In terms of the long-term health of the strip it's probably a good thing that it changed. There is still a lingering perception that Peanuts was about cute, and trite "Happiness is a Warm Puppy" sentiment. The move towards less cute, more abstract figures would help the strip as it picked up intellectual depth as the years passed.

Wednesday, September 2, 2009

October 10, 1951: Humph!

Peanuts

Schulz had been heard to say that Beethoven was Schroeder's idol primarily because it was a funny word, but it cannot be denied that the idea of a young child fixating upon the notoriously stern composer adds a certain complexity to his character, which this and later strips take advantage of.

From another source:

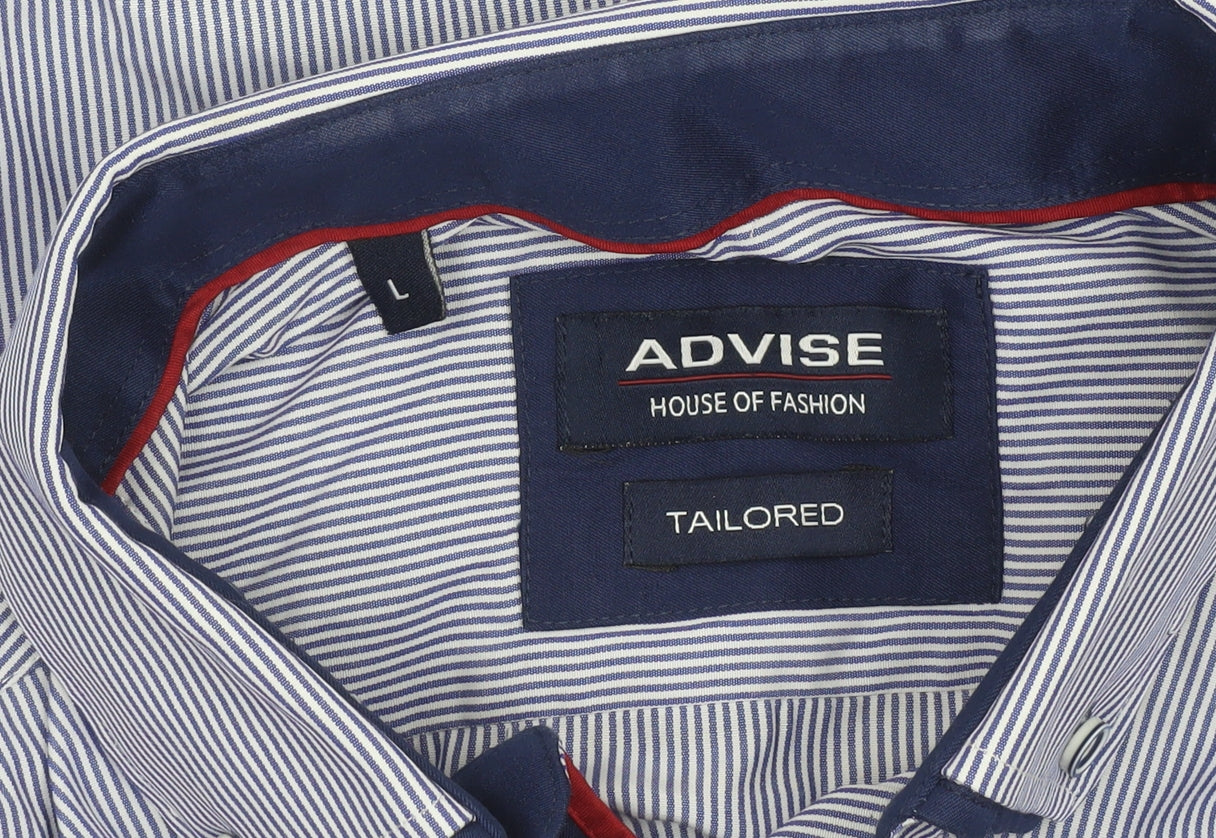 Mens UK Collar Size L Advise Smart Blue  Dress Shirt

Tuesday, September 1, 2009

October 9, 1951: Gag

Peanuts

Some people complain about cloying sentiment in Peanuts, and it is true that there is some of that at times. This strip is proof.

However, I find that most of the people who complain about it haven't really been exposed to much of the strip. For every saccharine "Happiness Is A Warm Puppy" there are a hundred "Lucy Demolishes Charlie Brown Utterly, Destroying His Soul Like Some Demon Girl." For giving us all of those, I think I can excuse the occasional spoonful of sugar.

Sunday, August 30, 2009

October 6, 1951: See how they run

Peanuts

With this one, I think it's time to stop posting Schroeder-as-musician strips solely on that basis. This one's still interesting for presenting a straight-forward look from Violet, which is rather uncommon.